TOUCH SCREEN VOTING NIXED: Early voters in April’s primary will cast their ballots on paper that will be scanned by a machine — just as election day voters will — after Maryland elections officials on Thursday nixed the use of touch screen machines for early voting, writes Pamela Wood in the Sun. The change was made after elections officials said they realized that many primary contests will feature long lists of candidates that can’t fit on one screen, and some candidates threatened legal action for being stuck on a second or third screen.
- The board voted 5-0 to move to a completely paper balloting process in the primary elections in April,l write Danielle E. Gaines and Patti Borda Mullins in the Frederick News Post. The navigation problems would have affected at least 10 primary races in the state.
- Fenit Nirappil of the Post writes that candidates with last names further down the alphabet — including GOP presidential hopeful Donald Trump, Democratic Senate candidate Chris Van Hollen, Republican Senate contender Kathy Szeliga and Democratic House candidate David Trone — may be at a disadvantage because of the format.
- The system, which has undergone testing over the last several months, only recently revealed the issues of concern, including navigation buttons that would push voters back to previously voted races rather than the desired earlier page of candidates, writes Bryan Sears for the Daily Record.
UNIONS SPLIT ENDORSEMENTS: Several more labor unions have split in the competitive Democratic primary for Maryland’s Senate seat, underscoring the close race between Reps. Donna Edwards and Chris Van Hollen, writes Rachel Weiner for the Post. They are campaigning to replace Sen. Barbara A. Mikulski (D), who is retiring.

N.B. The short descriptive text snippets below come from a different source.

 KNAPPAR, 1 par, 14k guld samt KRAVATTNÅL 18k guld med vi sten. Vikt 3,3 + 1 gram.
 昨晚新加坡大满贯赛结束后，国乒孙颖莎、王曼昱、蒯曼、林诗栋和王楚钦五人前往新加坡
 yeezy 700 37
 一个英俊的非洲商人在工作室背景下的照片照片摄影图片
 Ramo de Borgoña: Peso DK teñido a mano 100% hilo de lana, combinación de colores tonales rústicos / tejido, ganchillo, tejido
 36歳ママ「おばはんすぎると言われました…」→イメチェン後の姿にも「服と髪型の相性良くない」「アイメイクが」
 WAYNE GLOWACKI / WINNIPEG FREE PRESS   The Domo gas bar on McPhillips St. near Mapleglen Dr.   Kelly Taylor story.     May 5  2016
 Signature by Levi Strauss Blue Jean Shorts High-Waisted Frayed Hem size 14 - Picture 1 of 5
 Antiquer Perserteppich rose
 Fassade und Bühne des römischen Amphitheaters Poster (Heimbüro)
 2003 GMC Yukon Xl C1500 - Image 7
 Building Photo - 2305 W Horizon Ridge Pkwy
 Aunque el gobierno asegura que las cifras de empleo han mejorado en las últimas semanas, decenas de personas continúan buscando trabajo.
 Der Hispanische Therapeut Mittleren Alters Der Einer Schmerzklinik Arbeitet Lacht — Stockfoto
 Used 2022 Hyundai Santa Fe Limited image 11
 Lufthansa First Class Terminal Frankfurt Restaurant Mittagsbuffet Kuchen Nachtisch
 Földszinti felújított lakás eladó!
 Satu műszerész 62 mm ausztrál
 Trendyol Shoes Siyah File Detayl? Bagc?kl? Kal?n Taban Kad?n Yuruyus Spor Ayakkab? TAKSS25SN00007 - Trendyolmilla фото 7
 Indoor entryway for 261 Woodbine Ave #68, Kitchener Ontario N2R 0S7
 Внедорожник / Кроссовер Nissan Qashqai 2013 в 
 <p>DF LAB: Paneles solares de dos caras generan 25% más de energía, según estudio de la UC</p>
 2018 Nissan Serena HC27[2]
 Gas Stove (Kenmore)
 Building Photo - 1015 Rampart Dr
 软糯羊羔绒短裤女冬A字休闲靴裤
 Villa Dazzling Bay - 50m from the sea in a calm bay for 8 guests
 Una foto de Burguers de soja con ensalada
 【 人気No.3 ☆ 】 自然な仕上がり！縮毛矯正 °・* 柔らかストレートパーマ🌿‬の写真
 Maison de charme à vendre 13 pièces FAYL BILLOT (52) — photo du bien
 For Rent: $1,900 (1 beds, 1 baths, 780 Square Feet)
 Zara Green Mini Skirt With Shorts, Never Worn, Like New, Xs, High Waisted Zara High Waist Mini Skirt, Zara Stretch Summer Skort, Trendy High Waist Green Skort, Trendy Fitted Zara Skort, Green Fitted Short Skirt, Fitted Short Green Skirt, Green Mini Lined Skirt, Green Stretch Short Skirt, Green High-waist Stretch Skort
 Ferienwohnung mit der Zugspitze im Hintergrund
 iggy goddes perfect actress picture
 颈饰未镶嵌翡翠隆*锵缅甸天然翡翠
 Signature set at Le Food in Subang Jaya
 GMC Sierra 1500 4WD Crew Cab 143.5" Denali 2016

TRONE USES OBAMA IN AD: David Trone, the wealthy businessman running for Congress in Maryland’s 8th Congressional District, is drawing on a little Democratic Party star power in a new web video that features President Barack Obama at a fundraiser saying “we could run him for something.” The video for the ad, which is essentially unedited, comes from a Democratic National Committee fundraiser Trone hosted at his Potomac home with Obama in November, John Fritze reports for the Sun.
MAYOR CANDIDATES SPEAK: Five of the leading Democrats vying to become Baltimore City’s next mayor shared their visions Thursday, including state Sen. Catherine E. Pugh’s push to put ex-prisoners to work rebuilding the city and former Mayor Sheila Dixon‘s plan to use land trusts to spur investment in struggling neighborhoods, Yvonne Wenger writes in the Sun.